Just because you love doing something doesn’t necessarily mean you’re going to be good at it. That’s what nail tech Joi Lambert discovered not long after she quit her job as a property manager in 2013 to attend nail school. “I realized early in my training that I wasn’t the best at painting nails,” says Lambert. “It was pretty discouraging and I didn’t know what I was going to do. I worked in nail salons and practiced, but I found my skills were still below average. I knew I had to think of other options.” The option she came up with was to develop her own gel-polish line called Purjoi Nail Studio.
We asked Lambert to tell us more about how she created the line.

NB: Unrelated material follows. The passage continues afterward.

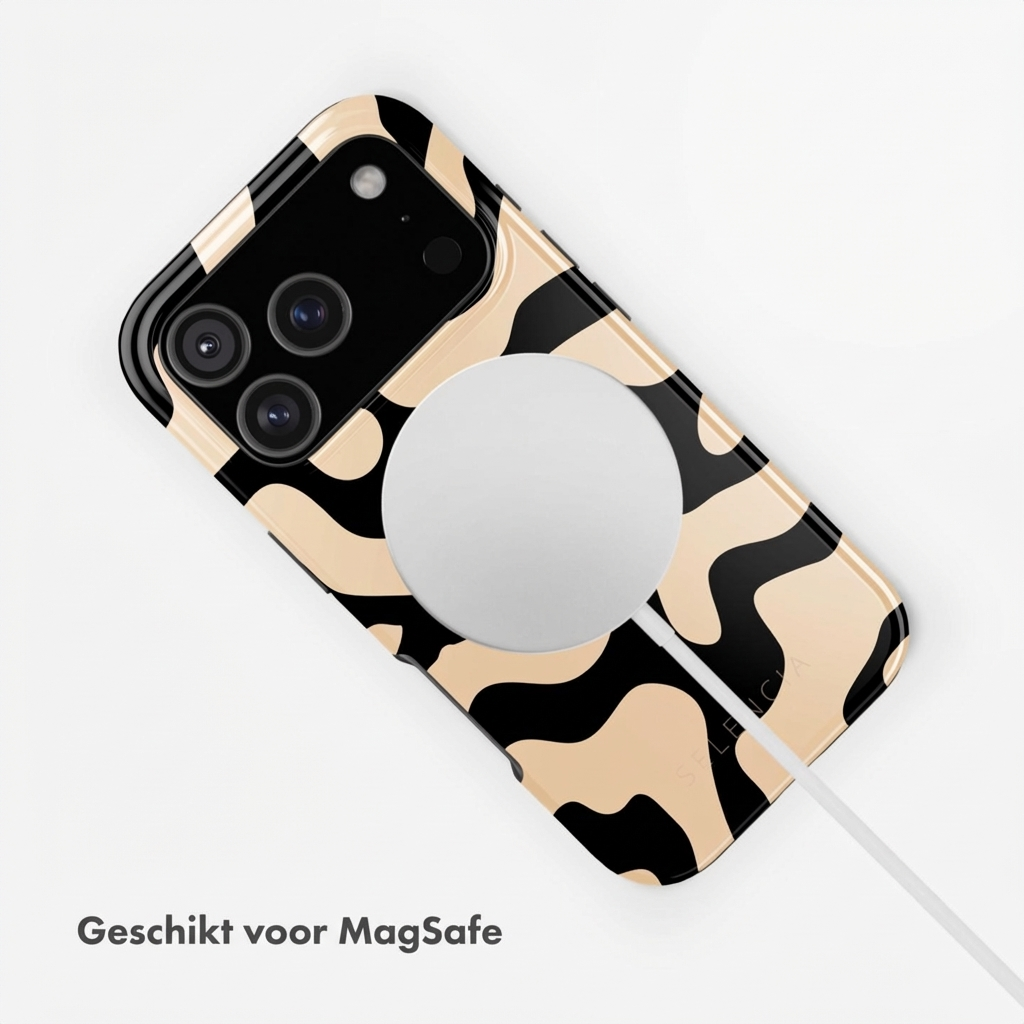 Een telefoon met abstract golvend patroon in beige en zwart, met MagSafe lader.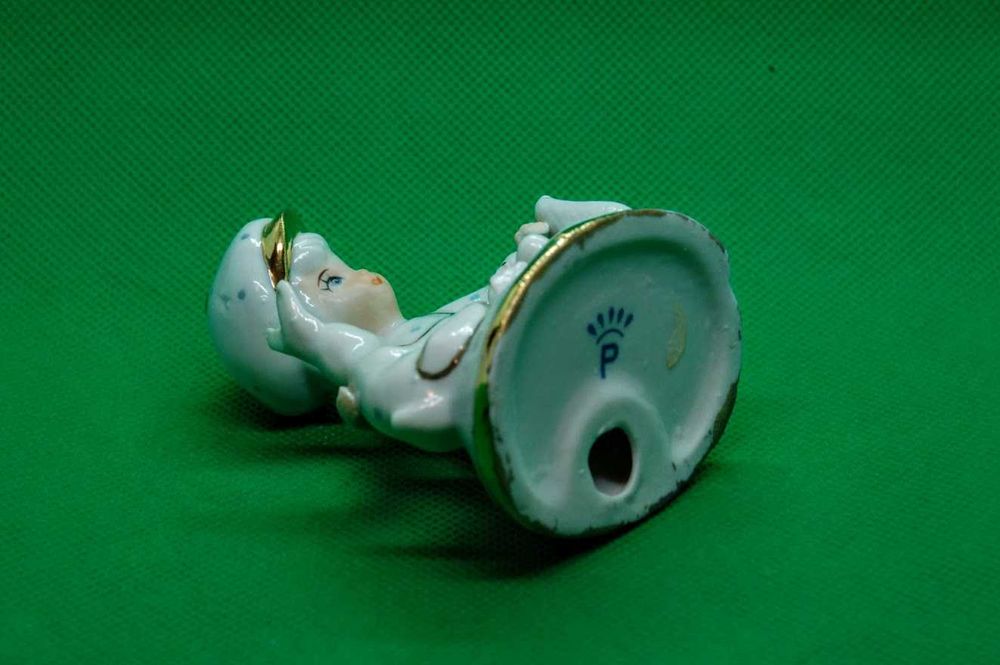 Estatueta antiga de menino em porcelana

What drew you to nails as a career in the first place?
Lambert: I think my passion started when I was in sixth grade. My teacher stopped at my desk, picked up my hand, and told me that I had the most beautiful hands and nails. I still remember her face and the feeling I had. Everything was about nails from that moment on. I still remember my first nail polish — it was Wet N Wild. My father bought it for me.
How did you go about developing the gel-polish?
Lambert: I started by testing a big number of gel brands and making notes as to what I liked or disliked. I tested the gels and ranked their application and nail art capabilities. I ranked the removal and how long it took. After fine-tuning what I needed based on my expectations, my formula was created. It was a lot of work and a lot of sleepless nights. The entire process took me about a year.
So what did you come up with?
Lambert: I introduced 50 rich colors with a high-shine gloss that last up to two weeks. The formula is three-free and it removes easily in eight to 10 minutes. “Pur” describes the three-free aspect and the simplicity of the product. “Joi” is my name and the feeling I hope it delivers.
What makes your product different?
Lambert: My one-step formula was made to be thicker to provide easier applications and to apply nail art. I discovered that by providing a little thicker formula, users are able to achieve smooth, even layers — which is helpful for any level of painter.
Do you still regret your inability to paint nails?
Lambert: Yeah, it’s big joke in my circle that I can’t paint other people’s nails and I get teased, but all in good humor. I’m proud to admit my faults and proud it didn’t get in my way. I wanted to be in the nail industry — it just took me longer to figure out where.